(Beginning of DATASET RECORDS)
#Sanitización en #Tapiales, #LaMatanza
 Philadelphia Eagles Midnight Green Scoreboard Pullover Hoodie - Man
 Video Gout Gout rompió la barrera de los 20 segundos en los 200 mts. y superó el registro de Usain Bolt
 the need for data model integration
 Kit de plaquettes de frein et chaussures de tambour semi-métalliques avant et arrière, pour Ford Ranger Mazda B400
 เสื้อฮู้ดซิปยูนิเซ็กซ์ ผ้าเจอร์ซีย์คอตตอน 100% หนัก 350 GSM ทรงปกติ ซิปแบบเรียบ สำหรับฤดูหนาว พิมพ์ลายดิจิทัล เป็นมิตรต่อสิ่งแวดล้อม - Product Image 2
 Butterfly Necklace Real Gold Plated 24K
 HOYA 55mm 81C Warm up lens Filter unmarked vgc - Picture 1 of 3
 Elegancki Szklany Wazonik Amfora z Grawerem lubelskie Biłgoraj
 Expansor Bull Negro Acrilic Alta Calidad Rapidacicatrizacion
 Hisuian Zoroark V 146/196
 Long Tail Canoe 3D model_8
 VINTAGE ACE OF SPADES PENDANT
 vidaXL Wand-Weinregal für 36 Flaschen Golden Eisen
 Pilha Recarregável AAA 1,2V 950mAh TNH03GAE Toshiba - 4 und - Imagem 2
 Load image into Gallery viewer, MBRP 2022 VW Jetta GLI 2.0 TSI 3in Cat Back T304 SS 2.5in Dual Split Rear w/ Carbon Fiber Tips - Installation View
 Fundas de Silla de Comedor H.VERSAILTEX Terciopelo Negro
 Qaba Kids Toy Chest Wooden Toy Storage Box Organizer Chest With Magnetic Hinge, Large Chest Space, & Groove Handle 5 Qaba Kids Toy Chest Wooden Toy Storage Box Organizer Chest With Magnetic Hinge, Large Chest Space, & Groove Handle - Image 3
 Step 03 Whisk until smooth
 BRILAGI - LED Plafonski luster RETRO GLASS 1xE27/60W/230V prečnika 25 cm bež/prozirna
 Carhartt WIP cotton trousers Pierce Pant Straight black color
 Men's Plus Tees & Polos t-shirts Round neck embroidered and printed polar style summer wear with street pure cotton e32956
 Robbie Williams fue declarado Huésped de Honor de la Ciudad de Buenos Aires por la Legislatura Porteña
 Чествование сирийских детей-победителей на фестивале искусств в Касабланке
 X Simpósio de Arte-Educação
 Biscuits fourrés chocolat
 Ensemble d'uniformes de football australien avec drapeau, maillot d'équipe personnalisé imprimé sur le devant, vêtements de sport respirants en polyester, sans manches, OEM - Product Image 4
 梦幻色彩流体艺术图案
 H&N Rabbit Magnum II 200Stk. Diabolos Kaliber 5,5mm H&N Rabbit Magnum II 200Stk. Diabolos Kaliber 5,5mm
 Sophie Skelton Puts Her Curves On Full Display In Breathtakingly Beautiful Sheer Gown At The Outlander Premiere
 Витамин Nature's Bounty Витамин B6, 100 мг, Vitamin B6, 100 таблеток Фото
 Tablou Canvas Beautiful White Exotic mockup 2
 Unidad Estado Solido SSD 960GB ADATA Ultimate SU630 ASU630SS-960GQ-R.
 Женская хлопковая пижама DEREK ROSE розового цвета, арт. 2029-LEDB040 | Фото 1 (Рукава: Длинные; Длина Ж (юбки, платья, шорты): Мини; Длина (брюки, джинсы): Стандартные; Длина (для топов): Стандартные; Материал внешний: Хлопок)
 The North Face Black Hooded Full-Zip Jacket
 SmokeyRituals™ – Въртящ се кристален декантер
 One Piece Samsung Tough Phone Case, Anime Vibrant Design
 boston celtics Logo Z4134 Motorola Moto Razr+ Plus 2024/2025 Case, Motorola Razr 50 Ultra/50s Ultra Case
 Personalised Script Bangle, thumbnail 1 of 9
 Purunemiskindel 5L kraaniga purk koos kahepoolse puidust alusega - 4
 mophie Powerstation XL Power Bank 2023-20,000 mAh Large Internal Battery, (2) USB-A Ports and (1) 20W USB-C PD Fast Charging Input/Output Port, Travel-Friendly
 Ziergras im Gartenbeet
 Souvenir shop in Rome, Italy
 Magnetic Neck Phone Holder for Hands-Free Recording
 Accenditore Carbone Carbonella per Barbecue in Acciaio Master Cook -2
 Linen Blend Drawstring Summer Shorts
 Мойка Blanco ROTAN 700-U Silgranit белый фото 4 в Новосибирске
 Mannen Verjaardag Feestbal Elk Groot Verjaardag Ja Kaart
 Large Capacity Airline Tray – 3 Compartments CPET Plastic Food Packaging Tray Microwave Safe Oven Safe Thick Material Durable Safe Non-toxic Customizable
(End of DATASET RECORDS)
EXERCISE »
From the line containing "Ziergras im Gartenbeet" through the last line of the entries above, print each line exactly as it stands.

REPLY »
 Ziergras im Gartenbeet
 Souvenir shop in Rome, Italy
 Magnetic Neck Phone Holder for Hands-Free Recording
 Accenditore Carbone Carbonella per Barbecue in Acciaio Master Cook -2
 Linen Blend Drawstring Summer Shorts
 Мойка Blanco ROTAN 700-U Silgranit белый фото 4 в Новосибирске
 Mannen Verjaardag Feestbal Elk Groot Verjaardag Ja Kaart
 Large Capacity Airline Tray – 3 Compartments CPET Plastic Food Packaging Tray Microwave Safe Oven Safe Thick Material Durable Safe Non-toxic Customizable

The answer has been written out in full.